### The problem
Which lines run from the start of the data below to the line containing "voyeurcam-julmodels-bed-6 webcam"? Set them down exactly, with none added.

### Supplied information
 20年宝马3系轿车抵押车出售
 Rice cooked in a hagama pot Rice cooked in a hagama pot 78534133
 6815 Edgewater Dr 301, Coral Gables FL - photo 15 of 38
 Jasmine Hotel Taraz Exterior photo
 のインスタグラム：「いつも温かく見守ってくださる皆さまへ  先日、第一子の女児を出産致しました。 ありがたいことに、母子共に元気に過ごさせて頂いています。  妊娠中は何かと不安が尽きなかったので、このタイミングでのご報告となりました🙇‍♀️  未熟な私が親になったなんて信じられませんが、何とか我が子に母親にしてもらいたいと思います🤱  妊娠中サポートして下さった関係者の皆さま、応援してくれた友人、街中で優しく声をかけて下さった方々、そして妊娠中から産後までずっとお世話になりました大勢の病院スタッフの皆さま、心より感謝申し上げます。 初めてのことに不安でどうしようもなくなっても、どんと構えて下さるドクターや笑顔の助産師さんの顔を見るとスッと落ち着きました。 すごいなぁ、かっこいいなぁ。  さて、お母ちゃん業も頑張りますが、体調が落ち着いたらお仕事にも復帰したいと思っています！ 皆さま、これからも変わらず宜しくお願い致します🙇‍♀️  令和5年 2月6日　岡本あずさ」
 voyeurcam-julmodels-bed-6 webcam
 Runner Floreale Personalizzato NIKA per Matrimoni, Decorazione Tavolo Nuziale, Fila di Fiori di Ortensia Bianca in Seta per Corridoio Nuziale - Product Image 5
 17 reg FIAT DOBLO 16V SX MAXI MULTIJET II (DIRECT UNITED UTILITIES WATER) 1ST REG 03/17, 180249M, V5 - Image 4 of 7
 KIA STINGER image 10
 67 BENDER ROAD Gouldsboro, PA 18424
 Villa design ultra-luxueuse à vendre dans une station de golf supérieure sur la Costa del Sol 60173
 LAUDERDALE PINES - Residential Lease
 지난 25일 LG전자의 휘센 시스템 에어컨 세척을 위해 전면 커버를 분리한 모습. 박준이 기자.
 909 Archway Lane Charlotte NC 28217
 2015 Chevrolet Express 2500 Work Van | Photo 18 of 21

### Response area
 20年宝马3系轿车抵押车出售
 Rice cooked in a hagama pot Rice cooked in a hagama pot 78534133
 6815 Edgewater Dr 301, Coral Gables FL - photo 15 of 38
 Jasmine Hotel Taraz Exterior photo
 のインスタグラム：「いつも温かく見守ってくださる皆さまへ  先日、第一子の女児を出産致しました。 ありがたいことに、母子共に元気に過ごさせて頂いています。  妊娠中は何かと不安が尽きなかったので、このタイミングでのご報告となりました🙇‍♀️  未熟な私が親になったなんて信じられませんが、何とか我が子に母親にしてもらいたいと思います🤱  妊娠中サポートして下さった関係者の皆さま、応援してくれた友人、街中で優しく声をかけて下さった方々、そして妊娠中から産後までずっとお世話になりました大勢の病院スタッフの皆さま、心より感謝申し上げます。 初めてのことに不安でどうしようもなくなっても、どんと構えて下さるドクターや笑顔の助産師さんの顔を見るとスッと落ち着きました。 すごいなぁ、かっこいいなぁ。  さて、お母ちゃん業も頑張りますが、体調が落ち着いたらお仕事にも復帰したいと思っています！ 皆さま、これからも変わらず宜しくお願い致します🙇‍♀️  令和5年 2月6日　岡本あずさ」
 voyeurcam-julmodels-bed-6 webcam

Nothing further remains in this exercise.